I have been homeschooling since 2000. Over the years, we have worked our calendar a variety of ways. In the beginning, I worked an office job, so our dedicated school days were only two to three days a week. To make sure everything was covered, we continued through the summer. However, as the years have passed and things have changed, we’ve discovered that a six-week-on/two-week-off schedule works pretty well. It allows us to have several terms and frequent breaks. It prevents burnout (for the most part!) and includes extended holiday and vacation time. It does mean, of course, that school goes on even during those hundred and four days.

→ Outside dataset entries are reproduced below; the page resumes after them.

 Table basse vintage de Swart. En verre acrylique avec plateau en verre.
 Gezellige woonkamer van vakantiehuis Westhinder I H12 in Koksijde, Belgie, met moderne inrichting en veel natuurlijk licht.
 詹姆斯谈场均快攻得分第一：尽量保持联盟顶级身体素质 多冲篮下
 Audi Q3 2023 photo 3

Homeschooling during the summer can be a challenge, especially if, like mine, your kids have friends in the public school system—kids who are outside playing, swimming, riding bikes—while your kids are stuck inside doing math and phonics and spelling. I have found some proven ways to prevent distraction and keep my kids focused on their work, even when the warm summer sun is beckoning.

1)      Heed the sun’s summon. Take the classroom outdoors. Younger kids especially enjoy this. Many science projects can be performed outside, like the Mentos-in-cola fountain and up-close insect inspection. You can even turn a day of weeding the garden into a lesson on photosynthesis.

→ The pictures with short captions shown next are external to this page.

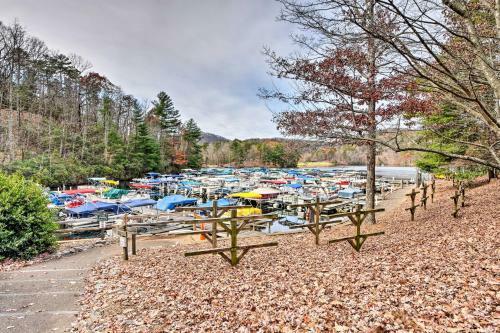 Big Canoe Resort Home With 3 Decks And Mtn Views!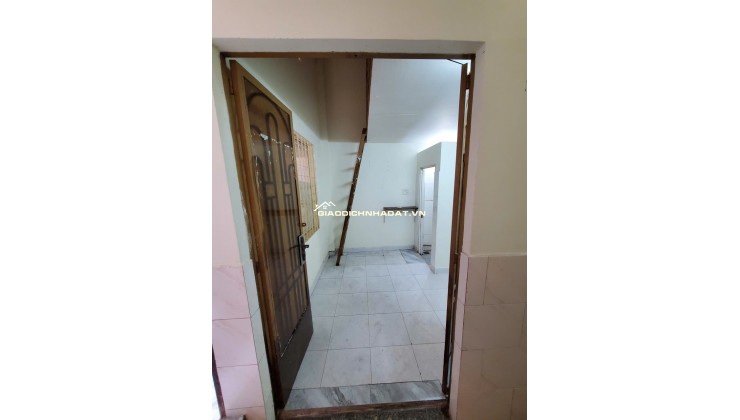 CHO THUÊ PHÒNG TRỌ 1/8 ĐƯỜNG SỐ 10 P.TÂN HƯNG, 22M CHỈ 3TR/TH. LH:0919005798.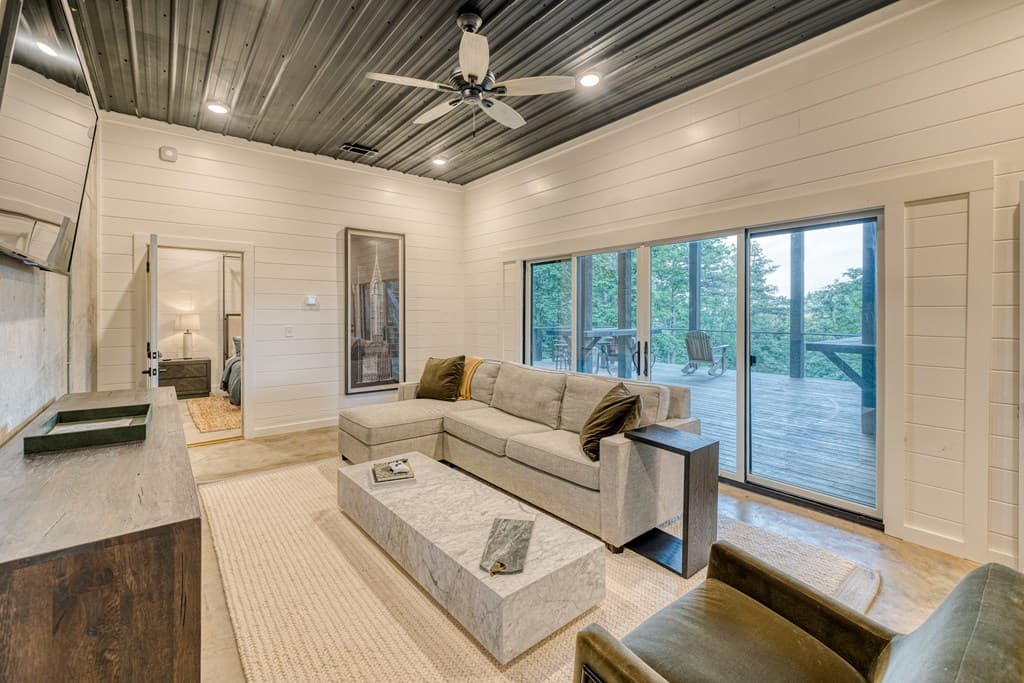 281 Raintree Bend, Blue Ridge GA 30513 - Photo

2)      Get an early start. My younger kids are up with the sun. If we get our work started and completed early, they’ll have the rest of the day to play with friends. That’s good incentive to get to work.

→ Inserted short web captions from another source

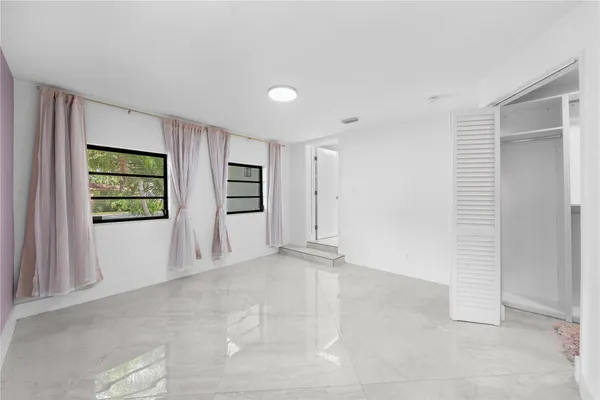 $5,750 | 1100 Buchanan Street, Hollywood, FL 33019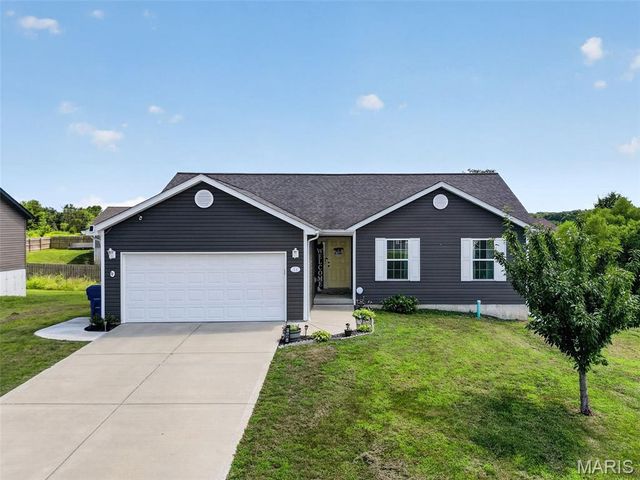 14 Cayden Roger Drive, Winfield, MO 63389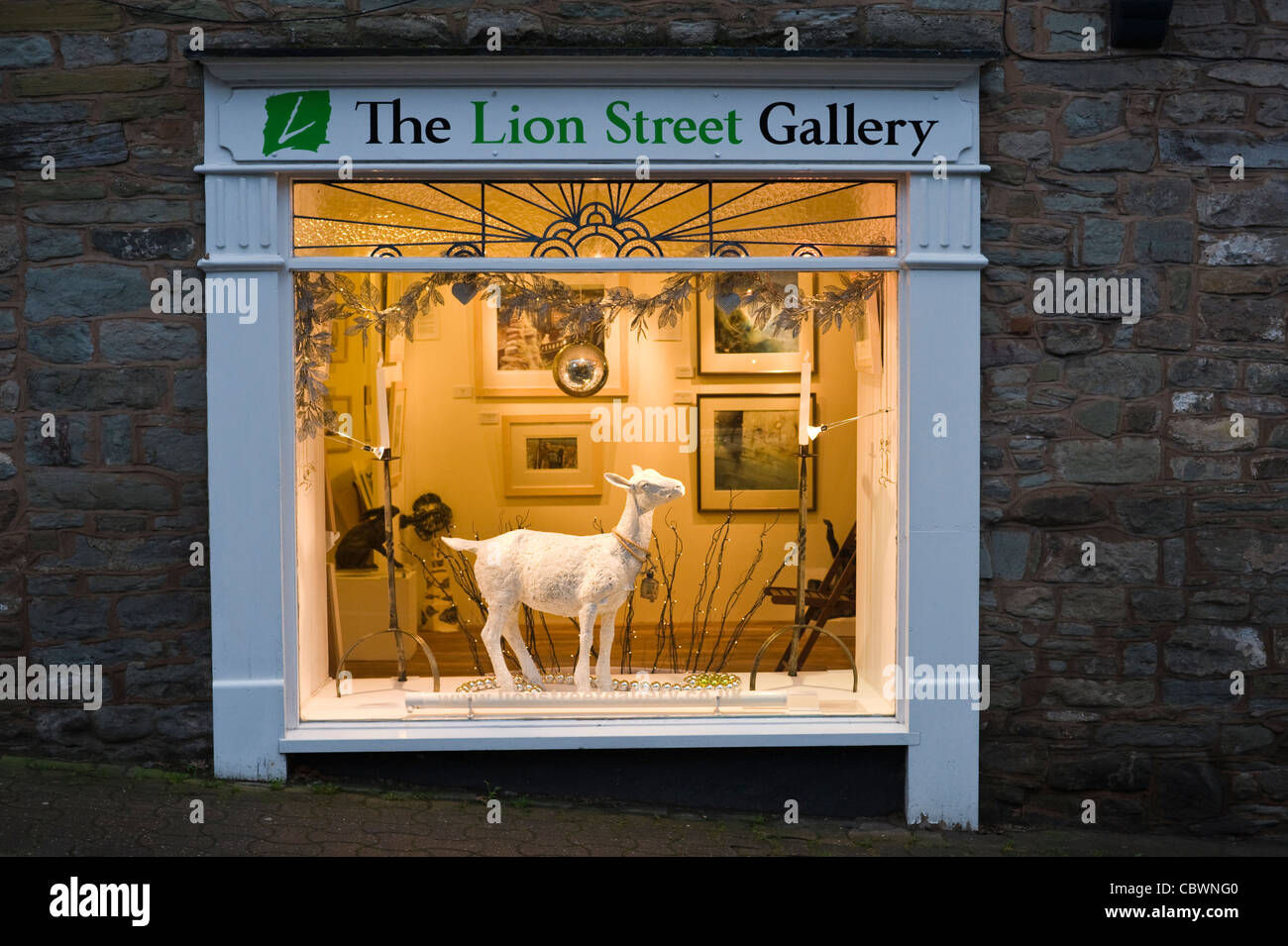 Der Löwe Street Gallery Weihnachts-Fenster Anzeige der Kunsthandlung in Hay-on-Wye Powys Wales UK Stockfoto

3)      Have night school. Pitch a tent in the backyard. Rent or borrow a telescope if you don’t already own one and study the constellations. Remind kids God made those pictures in the sky and has counted all the stars. Listen for nocturnal creatures. See “Hooo” is out in the dark.
4)      Include summer snacks in your curriculum. Make icepops with a variety of juice drinks and experiment with freezing points of various liquids. Make fresh lemonade. Discuss fractions while preparing ingredients. Add baking soda for a bubbly effect. Grind watermelon seeds finely, place in a tea strainer, and steep in boiling water to make tea. Research health benefits of drinking tea as opposed to drinking sodas.
5)      Get out of town! Take a vacation. Now, I don’t mean for you to sit your kids down for textbook work while the rest of you see the sights, but there’s lots to learn wherever you go. Visit a historical landmark. Examine sealife at the beach. Study fossils in a cavern. Believe it or not, kids can even gain understanding of aviation, pyrotechnics, animation, foreign language, and much, much more at Walt Disney World Resort! Be sure to take lots of pictures (as if you wouldn’t) to incorporate into lapbooks and unit studies later on and collect brochures and postcards for research resources.

Will you be homeschooling this summer? If so, just keep it light and fun, and your kids won’t even realize they are learning while they play!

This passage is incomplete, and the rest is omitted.